# 1987 USA peavey patriot re-finish



## vokey design (Oct 24, 2006)

I am going to finish something I started 20 years ago, refinish an old USA Peavey  When I was in high school in the 90's I purchased my first guitar, a USA Peavey Predator ... loved that guitar but hated the finish. After playing it for a few years and upgrading the pickups to SD 1/4 pounders I decided to change the colour. I striped off all the hardware and started to peel the paint off with what little resources I had a the time, which was not much. Before I could finish the guitar we had to move, the guitar never made the trip ... left behind or thrown out. I couldn't afford to buy another guitar at the time so I went a few years without...

20 years later I see this on kijiji, I know its not a predator but it brought me back in time a bit.








I am told it is a 1987 Patriot. This guitar may have the strat look and comfort but is actually Gibson scale length. Which was a bonus for me as it will be nice to have a cheap easy to play guitar around if one of my 3 kids decide to take up playing (which I hope they all do). 

Played it for about 30 min then ripped it apart to start the process. Who needs expensive shielding tape when you have tinfoil and a staple-gun? LOL If you look close there is actually a swastika keyed into the foil ... yikes. 

















I didnt know schaller made pickups ... 








Started to remove the finish tonight too, about 20 min was all it took to expose most of the back.

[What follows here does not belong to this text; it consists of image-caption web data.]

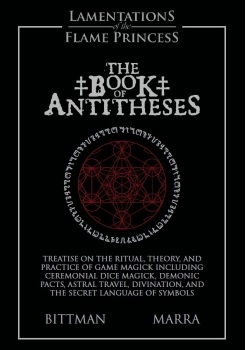 Lamentations of the Flame Princess Adventures: The Book of Antitheses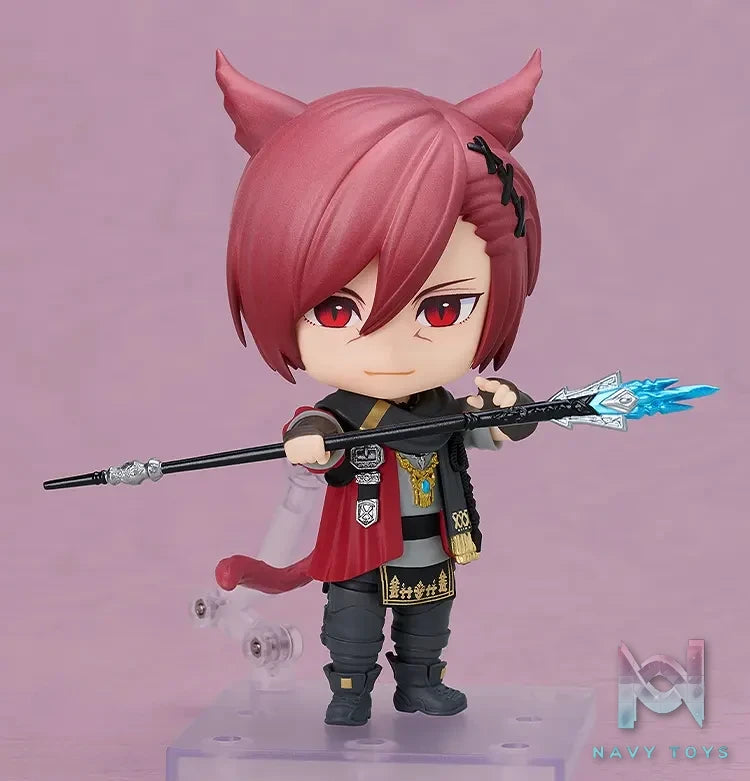 GSC – Nendoroid Final Fantasy XIV G’raha Tia (Licensed)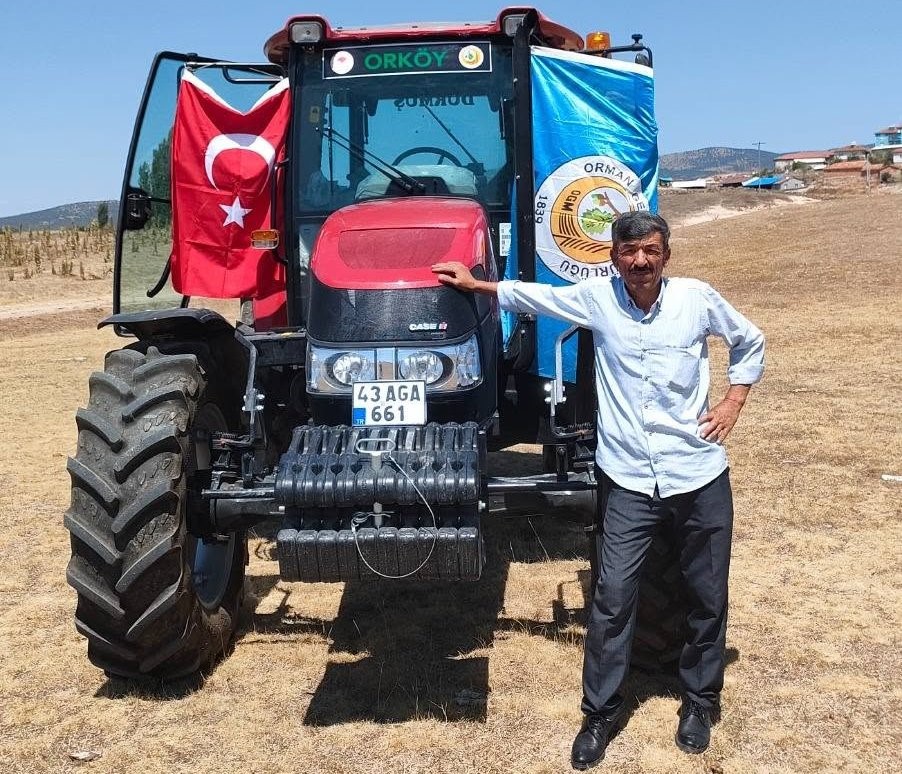 Kütahya’da ORKÖY destekleriyle 116 haneye 73,5 milyon liralık katkı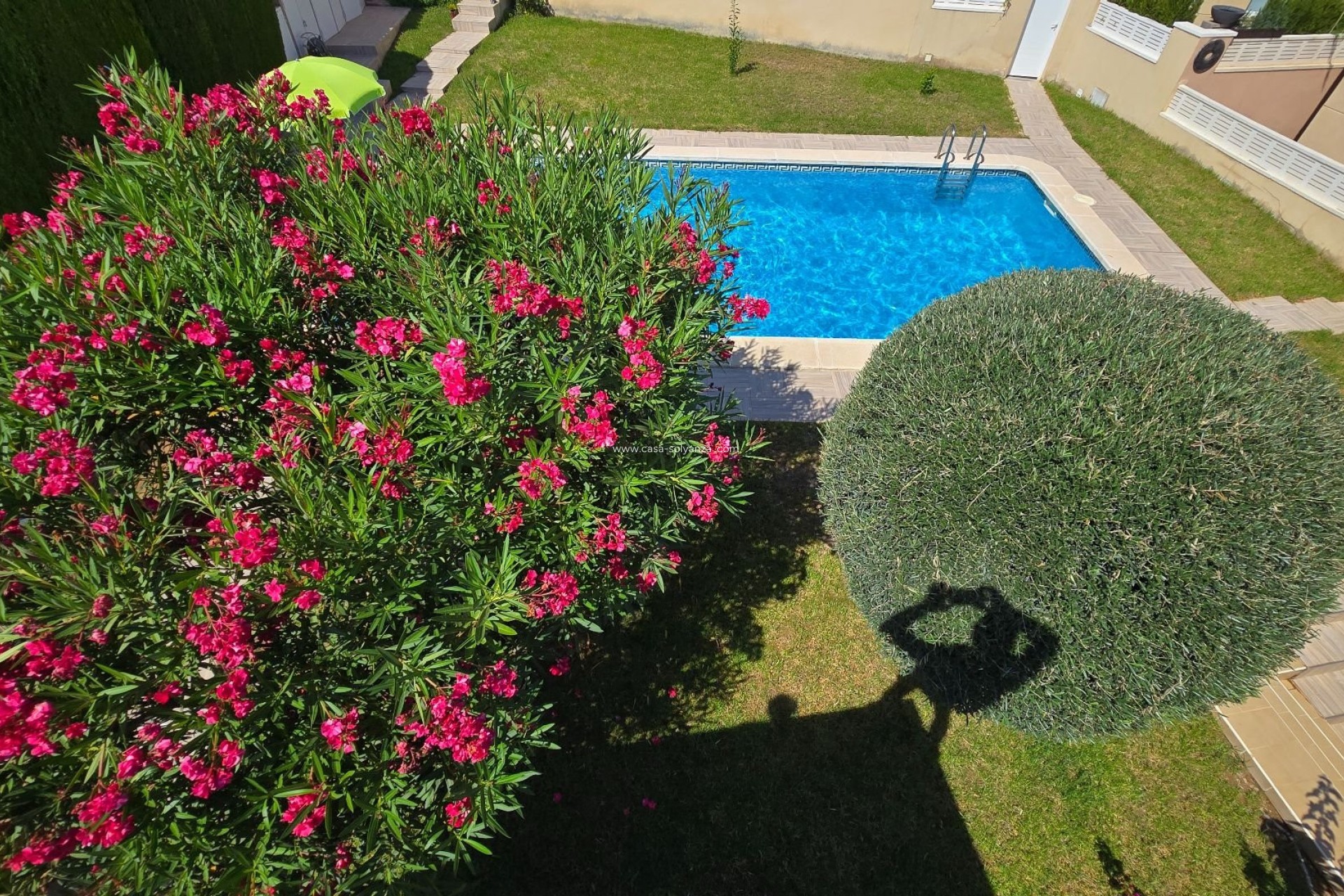 Wiederverkauf - Villa - Orihuela - Inland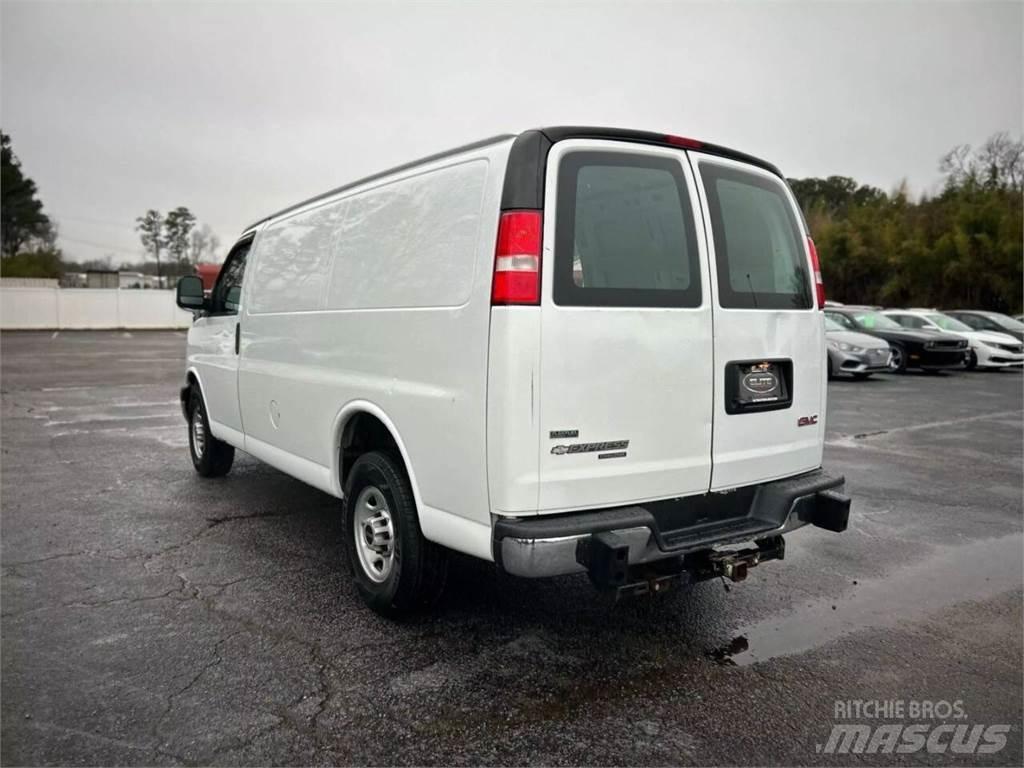 GMC Savana Ostalo za građevinarstvo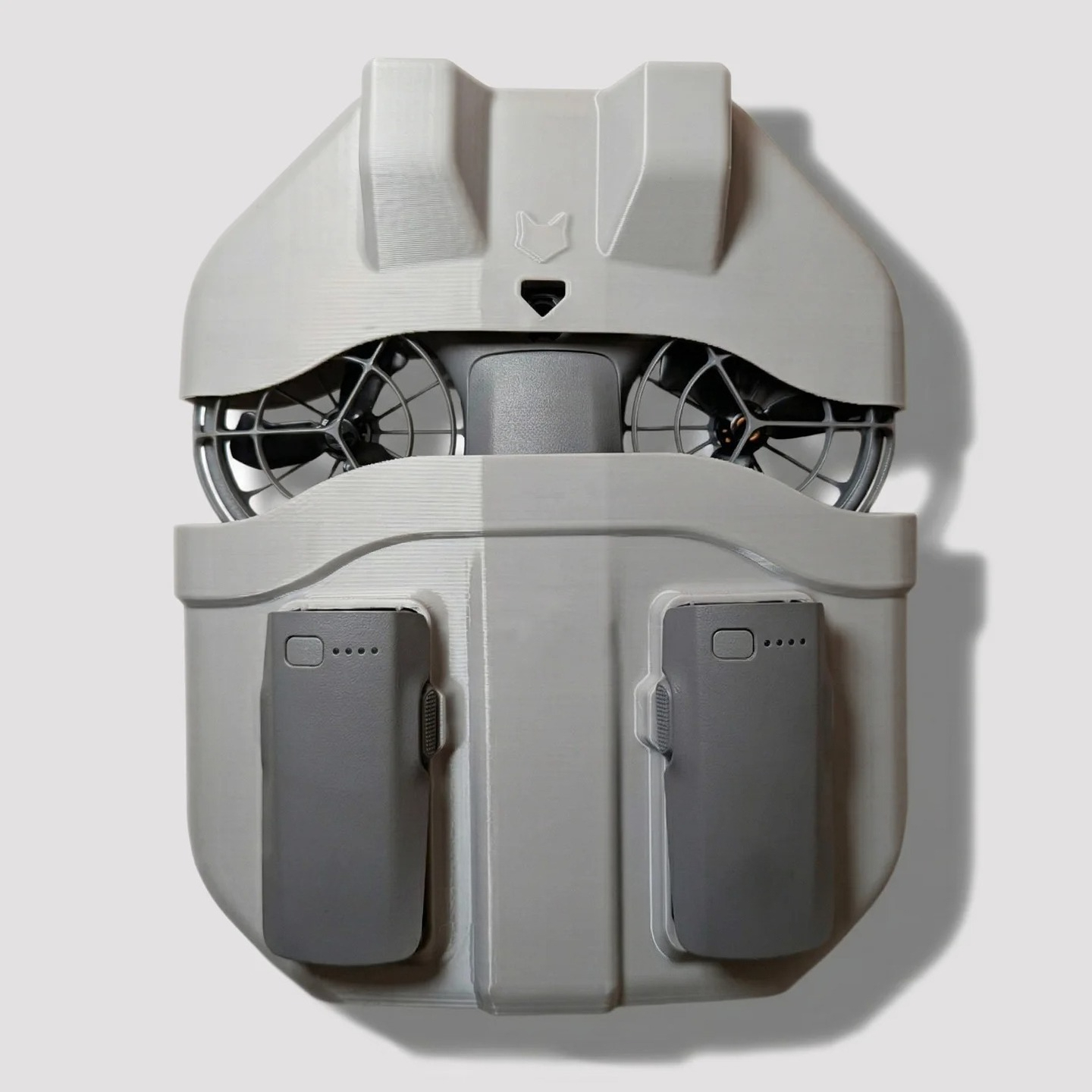 Drone Hard Shell Case - Twardy, odporny na wstrząsy futerał do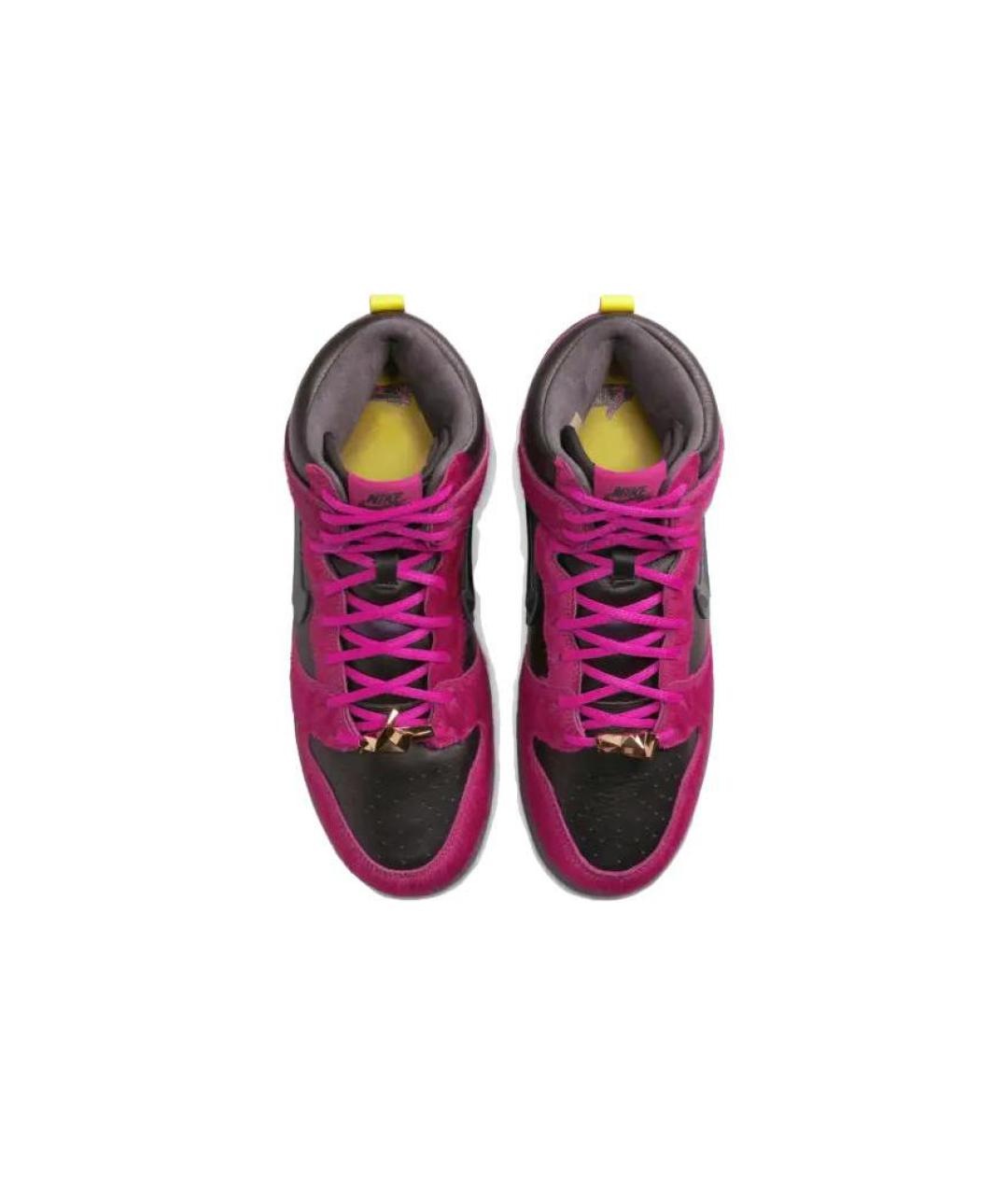NIKE Фиолетовые кроссовки, фото 5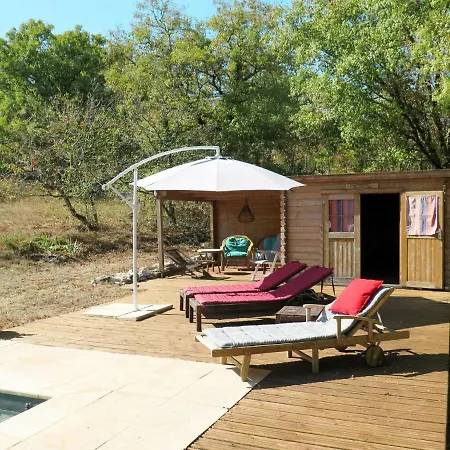 Holiday La Garenne Mejiere - Epc400 Espedaillac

Lots of work to do but it will be fun to actually finish this one.


----------



## bigboki (Apr 16, 2015)

Nice work!!!
How did you remove the finish? 
thank you in advance
yours Bojan


----------



## vokey design (Oct 24, 2006)

I am using a heat gun and a scraper, comes right off. The only tricky part will be cleaning the cavities out.

Josh.


----------



## Gimper (Jan 14, 2016)

So, was the tinfoil actually doing anything? I've seen shielding in copper tape... but never tinfoil. 

What's the plan for the rest of the refinish?


----------



## vokey design (Oct 24, 2006)

Still lots of sanding to do but progress is being made. Once it's all ready it will get stained black and then a satin finish. I will probably add a tone pot too.


----------



## greco (Jul 15, 2007)

vokey design said:


> I will probably add a tone pot too.


Will you have enough space in the control cavity? 
....Sorry...warped sense of humour meets ideal opportunity

Seriously....Looking great so far!


----------



## vokey design (Oct 24, 2006)

Should have enough room provided I don't go with an active pup .... and store half a dozen spare 9volts onboard.


----------



## vokey design (Oct 24, 2006)

Progress report. I was nearly finished when I found out I had won a set of sigil session pickups Off to the Ayr guitar workshop I went. Andrew was kind enough to rout another pickup slot for me. I just can't decide on the control layout. 
























This is what I started with.


----------



## Ayr Guitars (Oct 24, 2016)

You don't waste any time! Looks good - like the raw look of the direct mounted humbucker.


----------



## GUInessTARS (Dec 28, 2007)

I agree. Pickups direct to the body,
nice looking guitar.


----------